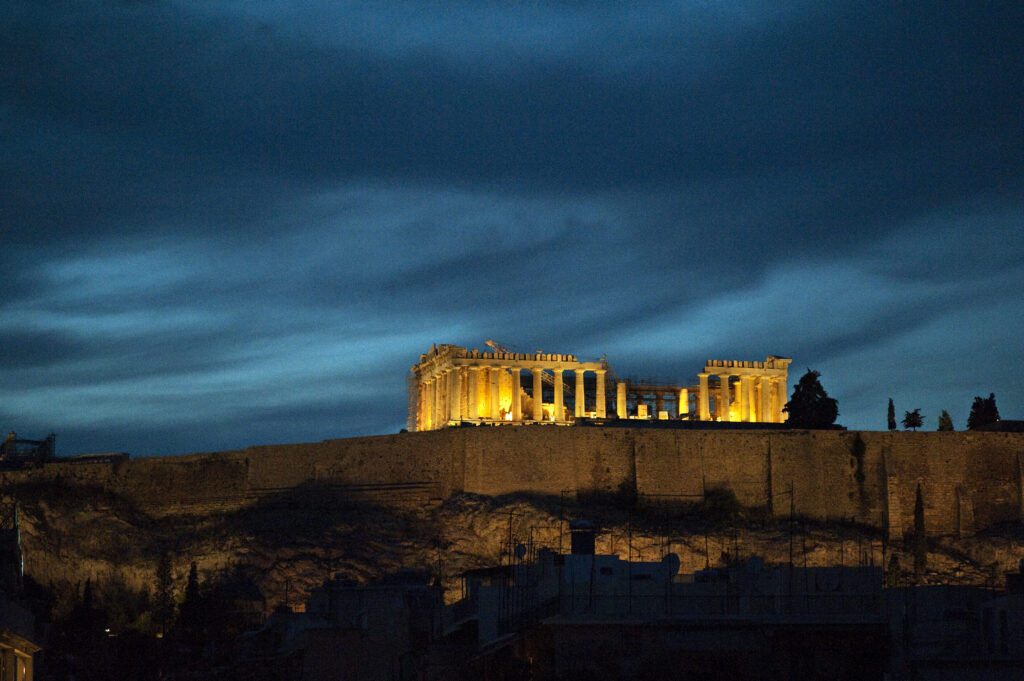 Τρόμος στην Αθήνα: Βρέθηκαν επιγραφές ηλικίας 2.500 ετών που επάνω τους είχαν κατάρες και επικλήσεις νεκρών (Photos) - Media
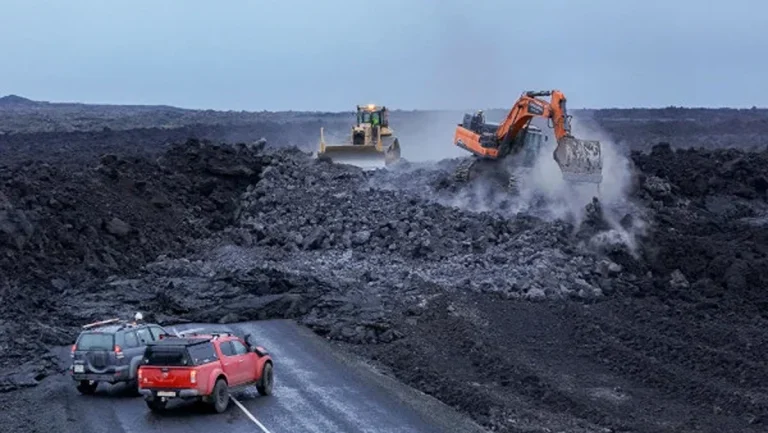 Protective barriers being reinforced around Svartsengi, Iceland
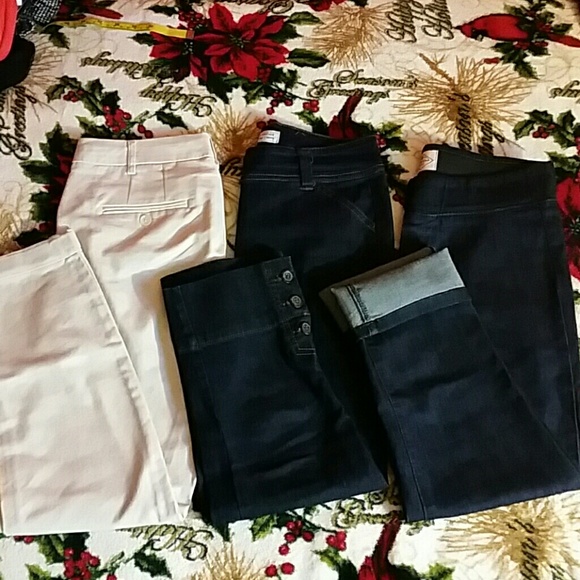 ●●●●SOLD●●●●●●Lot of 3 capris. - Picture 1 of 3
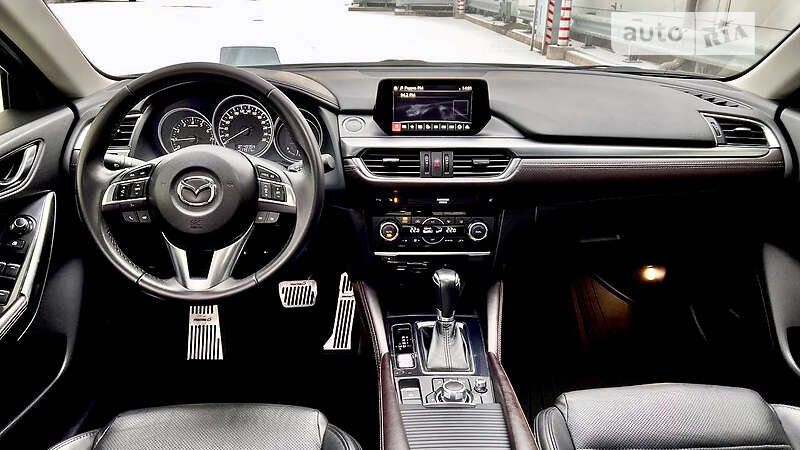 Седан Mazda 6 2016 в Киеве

WORK TASK
Copy the full listing above exactly, apart from the pictures.

PROBLEM SOLUTION
 Τρόμος στην Αθήνα: Βρέθηκαν επιγραφές ηλικίας 2.500 ετών που επάνω τους είχαν κατάρες και επικλήσεις νεκρών (Photos) - Media
 Protective barriers being reinforced around Svartsengi, Iceland
 ●●●●SOLD●●●●●●Lot of 3 capris. - Picture 1 of 3
 Седан Mazda 6 2016 в Киеве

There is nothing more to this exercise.